As I try to rescue an essay from an old, broken computer (stone cold coma'ed it is, like a Days of Our Lives character, awaiting a new storyline) for editing overhaul and possible submission to EMP Pop Con 2006, I have been reading the big kids' bios from previous years and feeling more and more preschool all the time. Because this playground I am eyeing, it has a big sign over the monkeybars that says, "LEGITIMATE," and another one next to the sandbox that says "ESTABLISHED," and I hear that Bobby X-gau beats you up and takes yr lunch money if you try to go down the slide. I am worrying about this, and about definitions of legitimacy and success in cultural criticism, and the ways in which they intersect with gendered assumptions about virtuosity and skill. I am thinking about my lady Becky Smith, who would have EMP-Con panels and syndicated columns coming out of her ears right this second if the world were anything close to fair, until I come across the following sentence:
When our five-year-old daughter Olivia's goldfish, Bluie, died, the other week, we were confronted by a crisis larger, or, at least, more intricate, than is entirely usual upon the death of a pet.
What's this? An earnest effort from the first night of a YMCA adult education creative writing class? Why no, it's Adam Gopnik writing in the New Yorker last July! I'm not trying to step to A. Gopnik, dude is fine, and has done great stuff in the past, and can write. But does achieving this thing called Legitimacy mean you can throw eight commas into the salvos of yr essays in drunken lapses of stylistic sanity? That you can toss off sentence structures with all the pacing, rhythm and clarity of Christopher Walken reading early Gertrude Stein in a six-page column in one of the most elite publications in the world and have yr editor give you a big fat pass? Even if it doesn't, being Legitimate at least means you will get gigs, and that is rilly, rilly essential, because without gigs, you will never get a bio. And without a bio, you will never be Legitimate. Right. Did Joseph Heller make this shit up or what?
Lucky for me I already have my bio good and ready:
Lizzie Pogo (AKA DJ Polly Seamy) is arts editor of numerous publications, including New York Metro NYC, NYC New York Metro, the Manhattanist, the Dusseldorf Times-Picayune and the Ronne Ice Shelf Gazette. She is also a frequent contributor to Hoyden Wench, Fucked-Up, Toothache, Rockist Review, McSwooney's, and Bummerang, and founded the performance art journal Scrimshaw at the age of 5.

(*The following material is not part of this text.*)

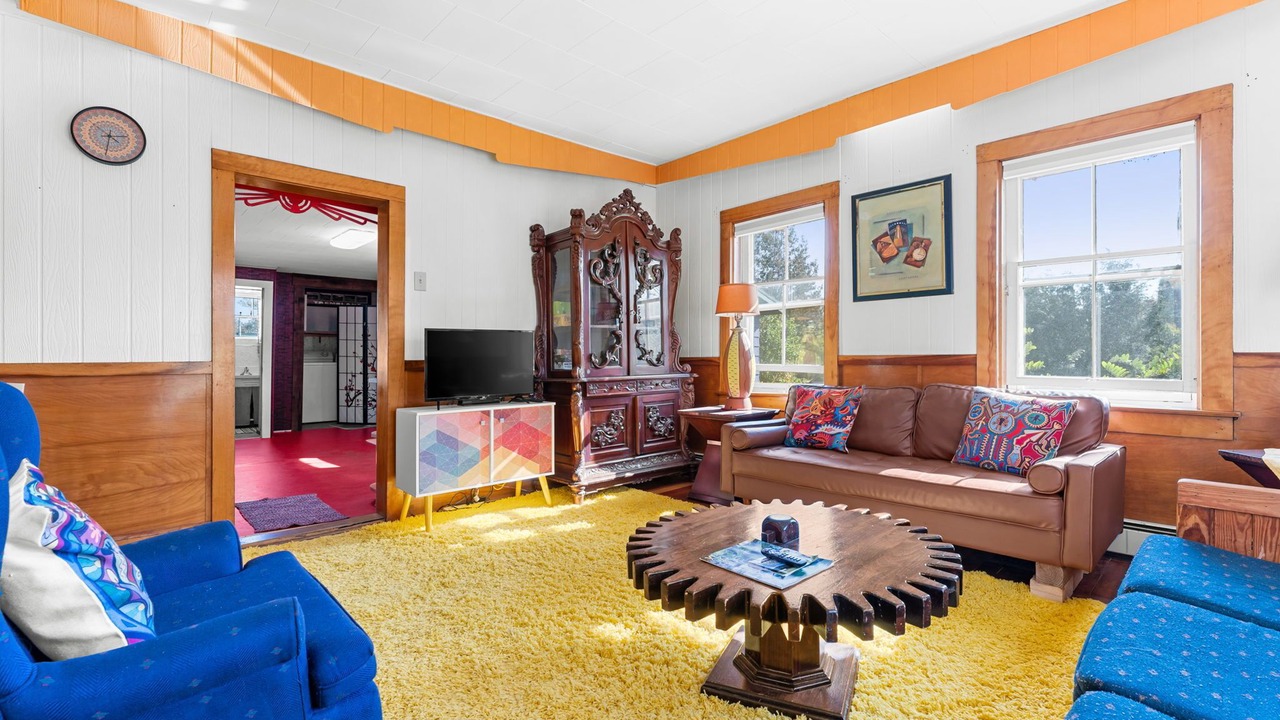 Photo of Livingroom in North Troy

After receiving an Anna Nicole Smith Genius Award for her 2004 one-woman multi-media show Speculum!, Pogo accepted a fellowship at Urger University, where she now teaches music journalism, performance art theory, quantum mechanics and basket-weaving. In her spare time, Pogo DJs Thursday nights at Brooklyn's Club CosmoNaughty, runs a number of record labels, guest-curates art shows and organizes vocoder workshops. Her book Blow It Out Yr Ass: Subversion, Performance & Methodology is forthcoming from Plosive Press.